Soviet soldiers in Afghanistan. Source: Wiki Commons
The inevitable losses of junior commanders in the course of hostilities in Ukraine should also be considered. The Soviet model assumed that junior commanders in wartime would be graduates of civilian universities, who, almost without exception, underwent military training during their course of studies, and, upon graduating, received the rank of reserve lieutenants. In the past 30 years, the Russian army did not need lieutenants, and this system vanished. It will now take at least five years to resurrect it.

In addition, there is the Soviet experience of World War II when short-term officer courses were set up, where mobilized men with a higher level of education were selected, and received several months of basic training. However, it is not clear whether this practice can be reproduced given that today’s army relies on relatively sophisticated equipment.

Besides, to conduct an effective mass mobilization, a large number of skeleton formations must be restored to serve, once again, as the basis for the formation of new divisions. To do that, it is necessary to recreate the network of gigantic training centers, training grounds and weapons depots.

Is a planned economy next?

Finally, and most importantly, the transition to a mass mobilization army will inevitably require fundamental changes in the organization of industry and a revision of property rights – in other words, changes in the structure of the Russian state. The current level of military production does not correspond whatsoever with Shoigu’s plans to expand the armed forces. Contrary to bravura reports about output being ramped up as much as 12 times, industry is clearly unable to provide more than two dozen new divisions with at least new, if not modern, equipment and weapons. The real state of affairs is evidenced by the occasionally voiced complaints about the lack of shells and the use in combat operations of tanks and artillery that were produced almost half a century ago.

Only a defense industry organized on the Soviet model – that is based on a so-called planned economy and autarky – can provide a mass mobilization army with the adequate number of weapons and amount of equipment.

In the USSR, there was no real division between the civilian and defense sectors. The vast majority of components for military production were manufactured at “civilian” factories. An integral part of this economy was Gosplan, which allocated funds and set all prices – for raw materials, for elements, for various components – ensuring the necessary profitability.
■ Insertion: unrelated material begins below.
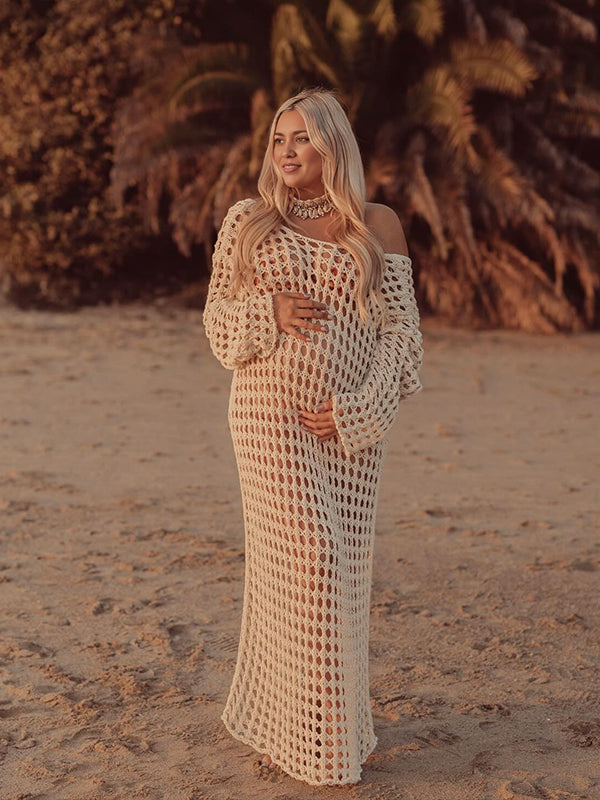 Momsmood Apricot Hollow Out Knitted Off Shoulder Baby Moon Beach Cover Up Elegant Sheer Maternity Photoshoot Maxi Dress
In the 1990s, most Soviet industry died. A small part was reprofiled to make other products. The current owners of private enterprises do not want to take defense orders, as they would inevitably make their main products more expensive and therefore less competitive. It is no coincidence that even before the war, proposals arose in the government to obligate private manufacturers to produce military products, of which they did not want any part.

In spring 2022, parliament passed a law according to which “regardless of the structural and legal form and form of ownership, [owners of enterprises] have no right to refuse to conclude agreements and government contracts. Moreover, on the proposal of security agencies, the government may, at will, increase or decrease the amount of goods, the amount of work or services within the framework of State Defense Procurement.” Already, based on demands from the Prosecutor General’s Office, the courts have begun to revert to federal ownership enterprises “of strategic importance for ensuring the defense of the country and the security of the state.” However, these are only the first steps toward the militarization of Russia’s economy. Meanwhile, attempts to quickly put industrial production onto a war footing amid Western sanctions, are likely to significantly exacerbate the economic crisis.

As a totalitarian state, the Soviet Union was able to provide a mass mobilization army with human and material resources. Only such a state needs a mass mobilization army that can occupy vast foreign territories.